The worst case (WC) is after $N$ inserts, and the average case (AC) is after $N$ random inserts.

The height of any red-black BST on $n$ keys (regardless of the order of insertion) is guaranteed to be between $\log⁡_{2} n$ and $2 \log_{⁡2}n$.

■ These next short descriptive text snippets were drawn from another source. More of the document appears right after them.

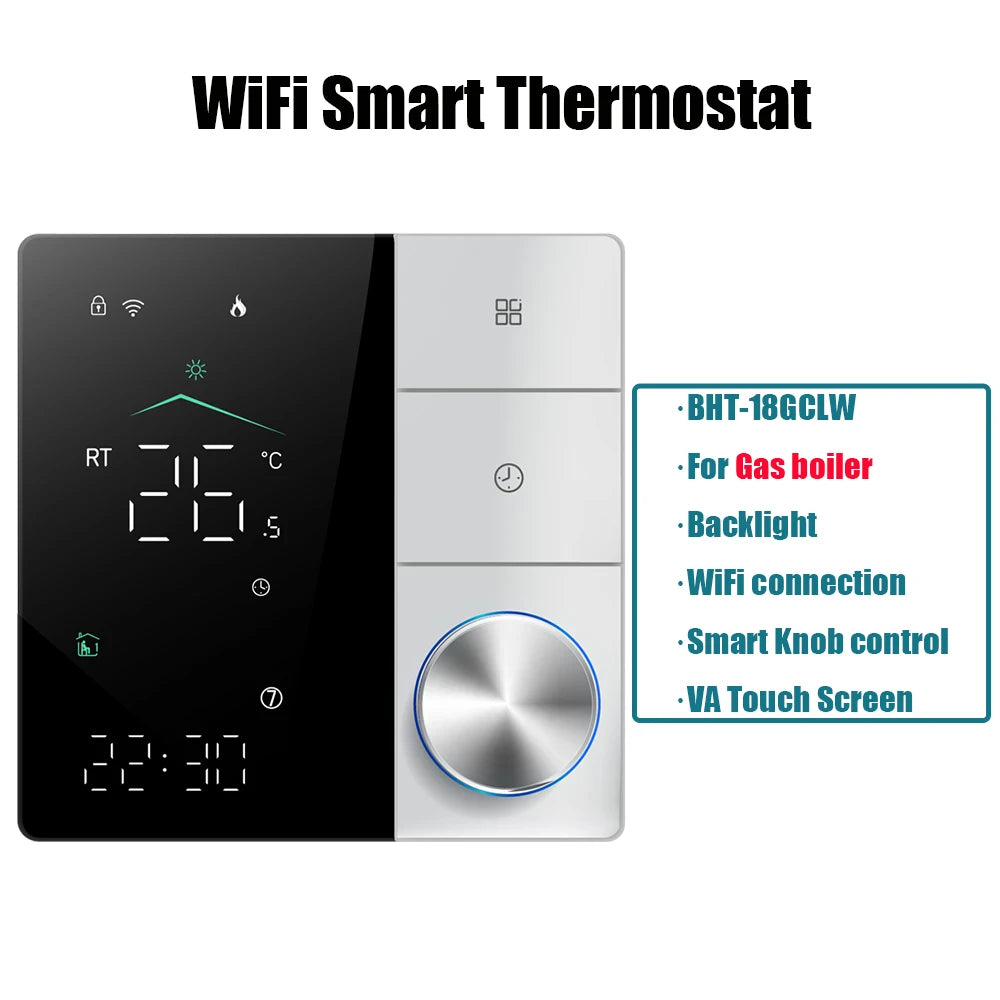 Smart Knob Thermostat BHT-18 &ndash; WiFi Connected Touch Screen Gas boiler / 220V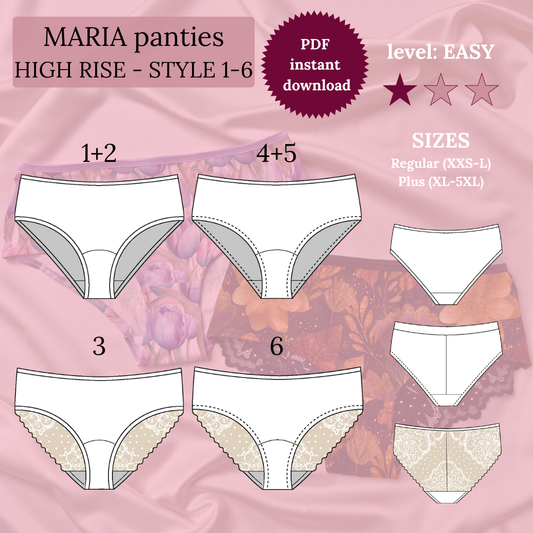 Maria Panties – High Rise (6 Styles) - PDF Sewing Pattern (Regular & Plus Sizes)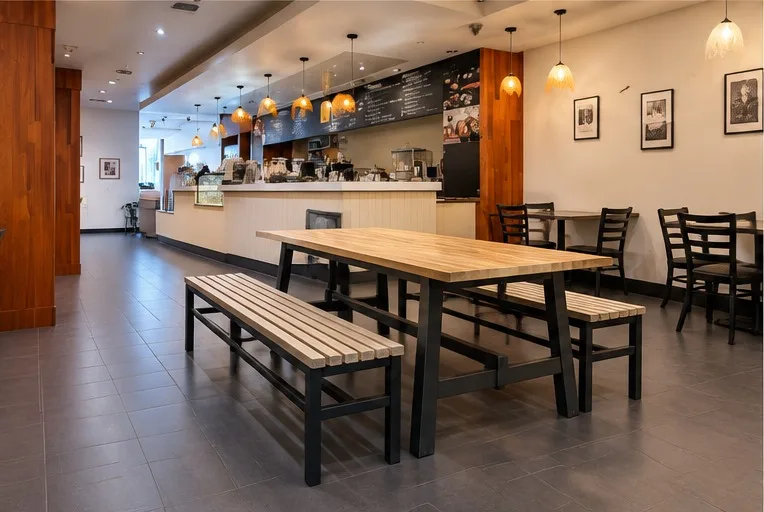 The long wooden communal table and benches, with the coffee counter and menu board behind it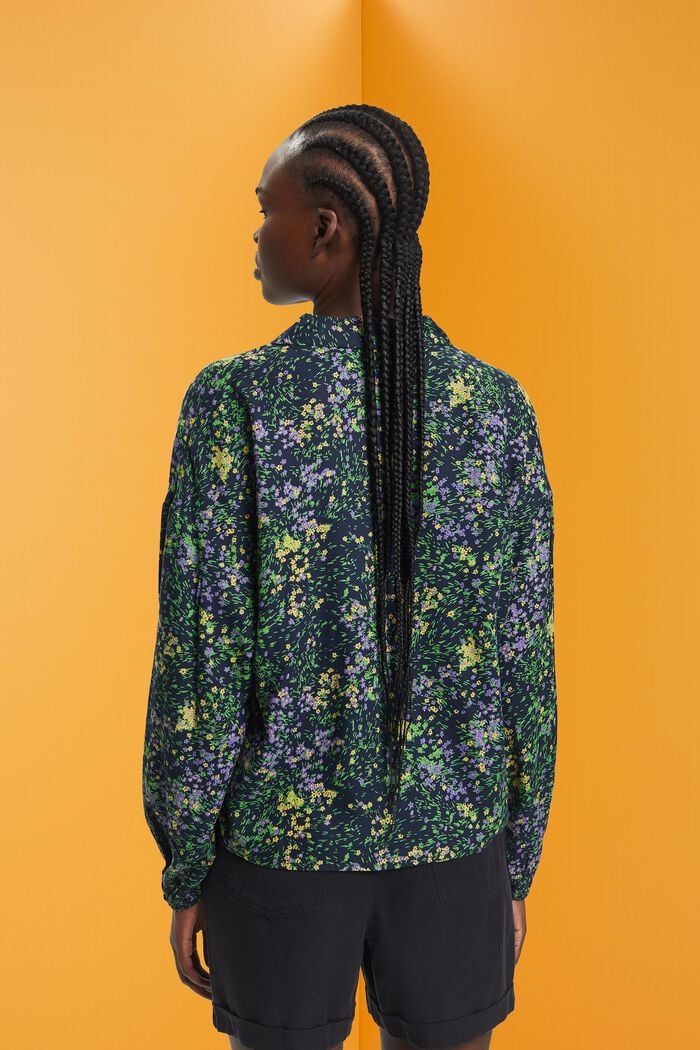 Baumwollbluse mit Blumen-Print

| Implementation | WC Search | WC Insert | WC Delete | AC Search | AC Insert | AC Delete | Ordered Iteration? |
| --- | --- | --- | --- | --- | --- | --- | --- |
| Sequential Search (unordered list) | $N$ | $N$ | $N$ | $N/2$ | $N$ | $N/2$ | No |
| Binary Search (ordered array) | $\lg N$ | $N$ | $N$ | $\lg N$ | $N/2$ | $N/2$ | Yes |
| Binary Search Tree (BST) | $N$ | $N$ | $N$ | $1.39 \lg N$ | $1.39 \lg N$ | ? | Yes |
| 2-3 Tree | $c \lg N$ | $c \lg N$ | $c \lg N$ | $c \lg N$ | $c \lg N$ | $c \lg N$ | Yes |
| Red-Black BST | $2 \lg N$ | $2 \lg N$ | $2 \lg N$ | $1.00 \lg N$\* | $1.00 \lg N$\* | $1.00 \lg N$ | Yes |
| Hash: Separate Chaining | $\lg N$\*\* | $\lg N$\*\* | $\lg N$\*\* | $3 \cdot 5$\*\* | $3 \cdot 5$\*\* | $3 \cdot 5$\*\* | No |
| Hash: Linear Probing | $\lg N$\*\* | $\lg N$\*\* | $\lg N$\*\* | $3 \cdot 5$\*\* | $3 \cdot 5$\*\* | $3 \cdot 5$\*\* | No |

\* Exact coefficient unknown but extremely close to 1  
\*\* Under uniform hashing assumption